Over the weekend I took to pruning one of my plants, a schefflera (or umbrella tree). Its branches were growing closer to sideways than up and if they kept going in that direction, the whole plant would eventually topple over, unable to stand. I positioned my shears halfway up the branch, closed my eyes, and clipped. It’s painful to take a sharp object to my beloved. What if it’s a mistake? What if it never grows back? What if I kill it? But I clip anyway, and then twice more, saving all the unrooted parts to propagate into new plants. 

In a couple days, the wounds I’ve inflicted become scars. I cross my fingers. What I know about plants is that pruning allows for energy from the sun to be redirected from the leaves to the roots  hidden under the dirt. It may be weeks or months before I see a new leaf sprout on my umbrella tree, but all the while the roots are hard at work, stretching and growing stronger, reaching deeper, further solidifying its place in the earth, if only as much earth as the pot is deep and wide.

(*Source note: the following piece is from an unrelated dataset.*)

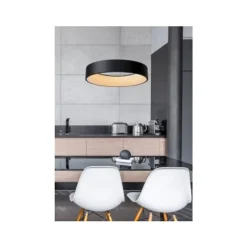 Lucide TALOWE LED - Hanglamp - Ø 60 cm - LED Dimb. - 1x42W 3000K - Zwart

This underground growth is not accessible by the senses, so it’s easily questioned, doubted. Is anything even happening under there? I could dig it up, rip the plant right out of it’s cozy dirt hole and see for myself what is only evident by the green foliage expanding above the surface. What I know about plants is that this would be a surefire way to risk its life. No, there are two things I can do: wait and trust. I trust that vibrant leaves mean healthy roots. I trust that with continued care, attention, and proper nourishment, new growth will sprout, not just anywhere, but at the very point of scarring and my schefflera will begin growing in a new direction, more upright. I trust that the new growth will be fuller, stronger, healthier, more resilient than it ever could have been growing sideways. The scars may remain forever, but they’ll eventually be hard to spot through the new green. This is where the waiting comes in. Growth takes time.

What I know about plants is that each one comes with special care instructions, some written out and easy to find, some made known only by curious and intentful discovery. What is nourishment for one could be harmful for another. I can’t force one plant into my expectations garnered from my experience of another. Perhaps it is from the quietest and littlest of living things that we are offered the understanding we need to become the beings we desire and were born to be: that growth is almost always accompanied by pain and uncertainty, that vitality of life is not a guarantee, certainly not without authentic and intentional action, that the path to wellness and alignment is continuous, meandering, and rarely one-size-fits-all. The same is true for my body. The same is true for my friendships. I can’t wish it to be what I want it to be; I am it’s caretaker, but it is my guide. So I ask, What do you need, baby?